Where are the young worshippers?

Regular church attendance dropping among youth, young adults



What are your church attendance patterns like? Special occasions only? Once every couple of months? Every other week? Every Sunday?

If your church attendance patterns have become less frequent over the last few years, you are not alone. Statistics show young people aren’t attending religious services as frequently as they did 20 years ago.

According to a Statistics Canada General Social Survey, in 1995, 15- to 24-year-olds were the least likely to attend religious ceremonies frequently, or once a week, at 22.6 percent. This age group was also the most likely to attend church less frequently than once a week, at 55 percent. Just a few years older, 24.5 percent of 25- to 44-year-olds attended once a week, while 50 per cent attended less frequently.

In 2005, those numbers dropped. Just over 15 percent of 15- to 24-year-olds attended at least once a week; just over half attended less frequently. Just under 16 percent of 25- to-44-year-olds attended once a week, while 48.2 percent of these people attend less frequently.

Megan Enns, 25, of Foothills Mennonite Church in Calgary, is one of those young people who doesn’t attend her church very regularly, citing her work as a peace and youth engagement coordinator for Mennonite Central Committee Alberta as a factor.

“Because I do so many weekend events, trips, and visit other churches, that significantly affects my attendance at my own church,” she says. “But it’s also my choice not to attend very regularly.”

Enns values community in her life. Although she says she does find it at church, she feels supported and motivated by the community of faith in her work environment and through her group of friends as well. And while she’s been involved with her church as a youth sponsor and a mentor, Enns doesn’t believe attending church is the only way to support others or feel supported by a community of faith.

“They’re available at church, but I have them elsewhere,” she says of her spiritual support. “Church isn’t the one place I get them.”

On the other hand, some young Mennonites still try to attend church every week.

Jennifer Regehr, 26, attends Erb Street Mennonite Church in Kitchener, Ont., as often as she can.

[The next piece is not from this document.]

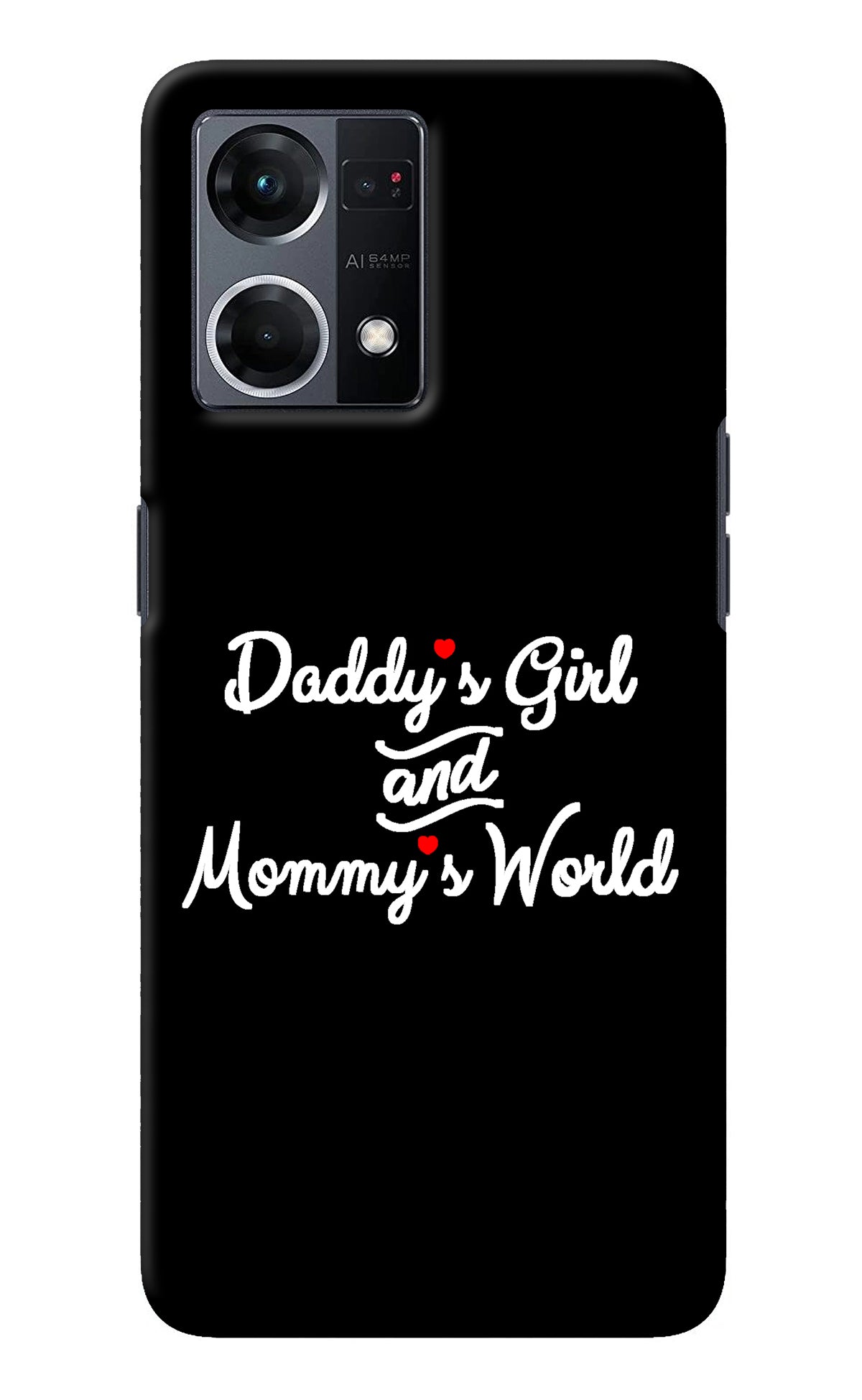 Daddy's Girl and Mommy's World Oppo F21 Pro 4G Back Cover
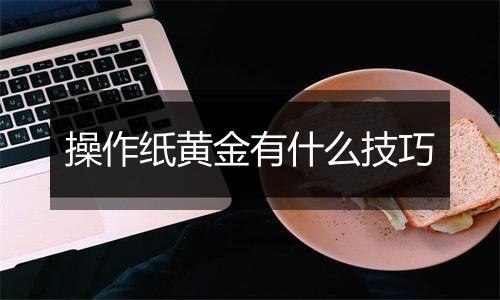 操作纸黄金有什么技巧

“I think that creating a habit of doing something affects the way you think about things,” she says. “Creating a habit of regular [church] attendance reinforces the importance of Christianity in my life.”

Regehr admits that it was more difficult to attend church regularly when she was a student at McMaster University in Hamilton, Ont. “When I was at university I attended less regularly because my sleep schedule was messed up,” she says. “My alarm clock would go off and I would be like, ‘Nope, not happening,’ and would go back to sleep. . . . It’s better now that I have a 9-to-5 job, so my sleep schedule is somewhere approaching normal,” noting, though, that she still made an effort to make it to church as often as she could during her university years.

James Dueckman, 23, is a member of Emmanuel Mennonite Church in Abbotsford, B.C. He is a medical student at the University of British Columbia and lives in Vancouver. Although he doesn’t always make it home for church on Sunday, he does worship with a congregation in Vancouver.

For Dueckman, church and community are synonymous, which is why he prioritizes regular attendance. “At Emmanuel, all my friends growing up were there. And in the last couple of years, all my really good Abbotsford friends are there every Sunday.”

When he’s in Vancouver, Dueckman attends church with his roommate. Both are very busy, so church is a good place for them to spend time together.

Dueckman says, though, that his attendance may drop when he gets into his third and fourth years of medical school, and his schedule becomes less predictable. Currently he’s able to get most of his work done during the week and on Saturday.

Gordon Zerbe, a New Testament professor at Canadian Mennonite University in Winnipeg, believes young people’s infrequent church attendance can result from a number of things, including the fact that young adults are more transient than ever.

“The duration of the in-between zone between coming of age and becoming an adult is now longer,” he says, adding that young adults often have difficulty getting settled into a career, and often have to get more education in order to reach their career goals. They are also getting married and having children later, and are generally taking longer to reach “adulthood” than their parents and grandparents did. 

In his experience, Zerbe says that, when young adults become settled, their church attendance becomes more regular. And when the roles of young people are re-imagined in the church, these people respond well.

“My daughter was invited to be chair of our church’s Youth and Young Adult Committee,” Zerbe says. “Young adults are supposed to be the babysitters, but to give it another angle was a draw for her, like the church was taking her input seriously. It put her in a place of responsibility and helped her take ownership of her role in the church.”